TASK OBJECTIVE: Copy word for word the lines in the records below, starting at the line with "We had some" and ending at the line with "In most cases, changes". Skip the pictures.

Stored data:
---+---

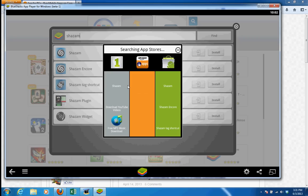My internet is a bit slow today, that's why it is taking so long — otherwise it's pretty fast. Now here I see this is on Android Store. Let's click on this. Anything will work, just click on one that you prefer.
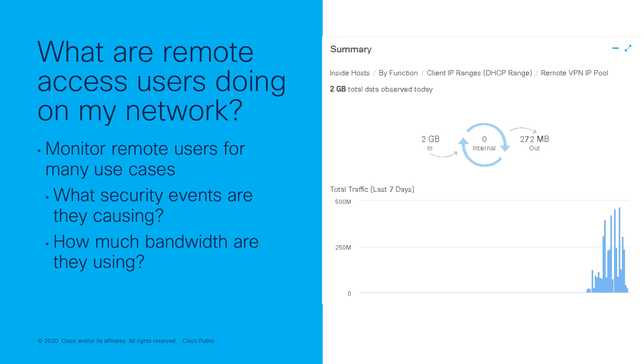you will need a StealthWatch deployment running StealthWatch version 6.9 or newer and have your network devices sending NetFlow.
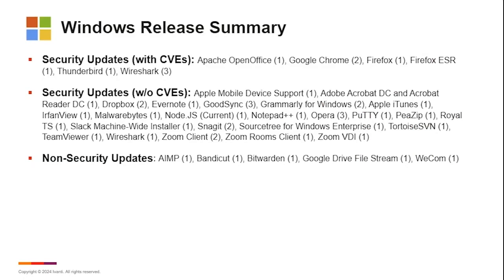We had some security updates with CVEs. We had the open office issue, some additional Chrome updates, Firefox, Thunderbird, and Wireshark had some releases this month between Patch Tuesdays.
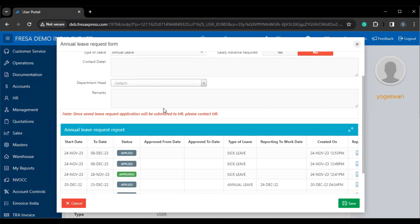This is how to send types of leave requests under the user portal in Fresa application. Thanks for watching.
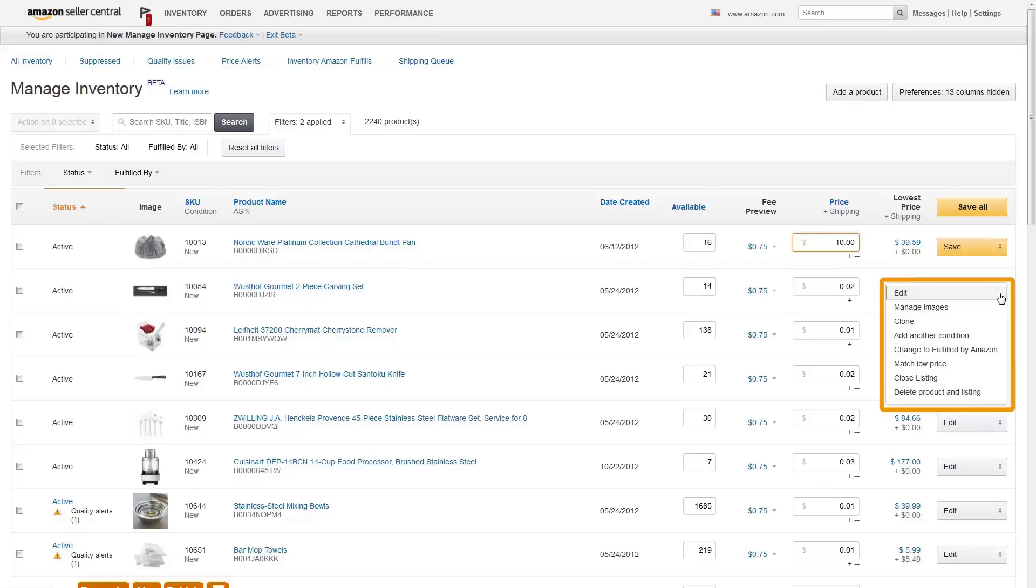In most cases, changes you make to product information appear on Amazon within five minutes. However, certain updates can take up to six hours, and images may take up to 24 hours to appear on a product detail page.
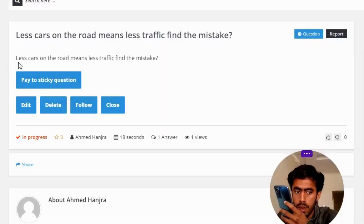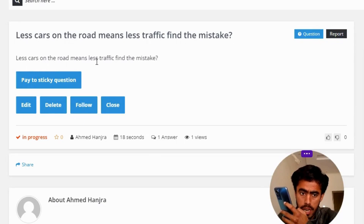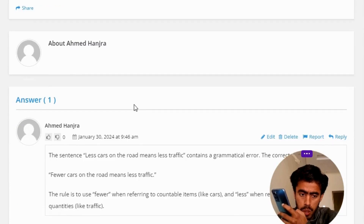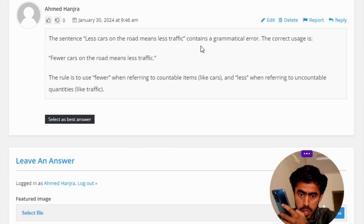Less cars on the road means less traffic — point the mistake. The correct answer of the question: the sentence 'less cars on the road means less traffic' contains a grammatical error.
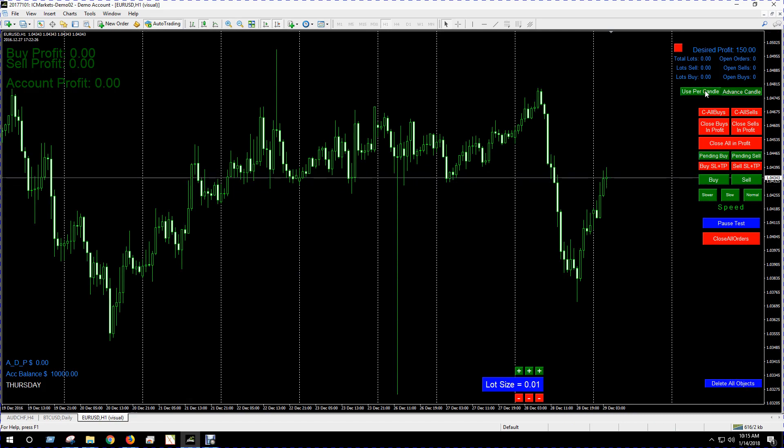You got different ways to close buys and sells. You can close all your buys and sells, or you can close only the ones in profit, close everything in profit if you want. Pending buy and pending sell buttons, you got stop loss and take profit buttons, you got obviously buy and sell, and you got a little speed feature here because sometimes, especially on the lower time frames and depending on your computer, it can get pretty fast in here.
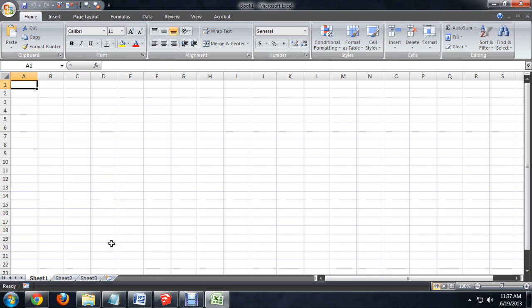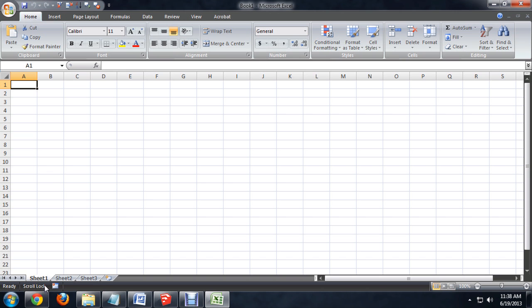First things first, inside of Excel, I'm going to enable my scroll lock, and you'll see this little pop-up down here that says my scroll lock is enabled.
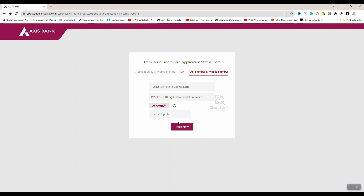To check the Access Bank credit card application status, you can provide your PAN card number. If you have an application ID, go directly and enter the PAN card number and a 10-digit mobile number, then click Track Now to view your application status.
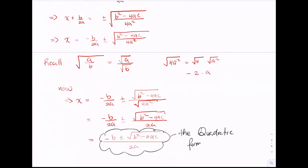We might not need to remember this entire derivation process, but we need to remember this formula by all means. Whenever a teacher asks you for the quadratic formula, you should be able to say: minus b plus or minus the square root of b squared minus 4ac, all divided by 2a, without hesitation. That means you are ready to go in terms of solving quadratic equations.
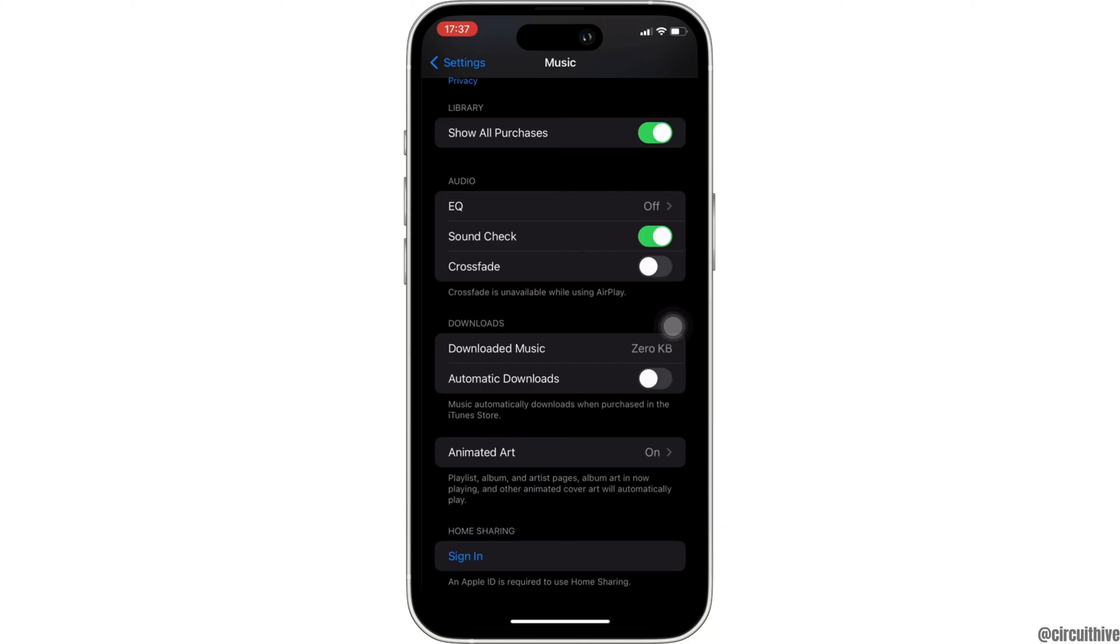Remember to back up all your data before taking any advanced steps, and be cautious with options that involve resetting or erasing data.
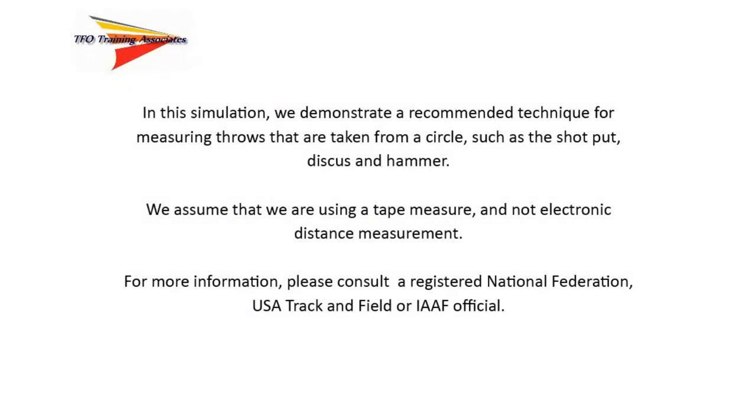In this simulation, we demonstrate a recommended technique for measuring throws that are taken from a circle, such as the shotput, discus, and hammer. We assume that we're using a tape measure and non-electronic distance measurement. For more information, please consult a registered National Federation, USA Track and Field, or IAAF official.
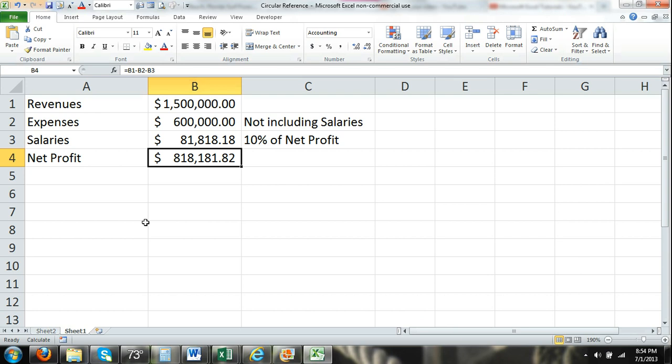Thanks for watching this Microsoft Excel 2010 tutorial on circular reference and how to resolve circular reference problems. Be sure to interact with our videos — rate, comment, subscribe, and share on social networks. I put these up for free, and that can be your way of repaying me. It just helps with YouTube and Google search results and algorithms.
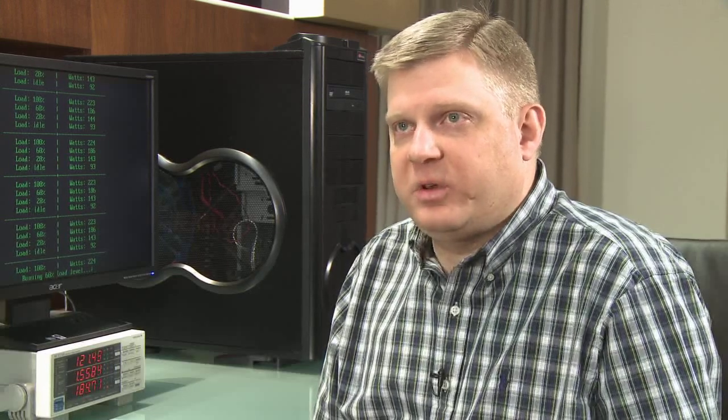And we're going to show you the power profile between the two is very similar, even though MagniCores has twice as many cores, twice as many memory channels.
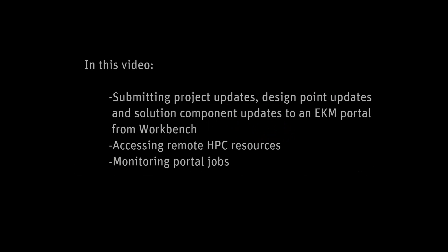In this video, you'll learn how to submit project updates, design point updates, and solution component updates to an EKM portal from Workbench.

---+---

PROBLEM SOLUTION:
We had some security updates with CVEs. We had the open office issue, some additional Chrome updates, Firefox, Thunderbird, and Wireshark had some releases this month between Patch Tuesdays.
This is how to send types of leave requests under the user portal in Fresa application. Thanks for watching.
In most cases, changes you make to product information appear on Amazon within five minutes. However, certain updates can take up to six hours, and images may take up to 24 hours to appear on a product detail page.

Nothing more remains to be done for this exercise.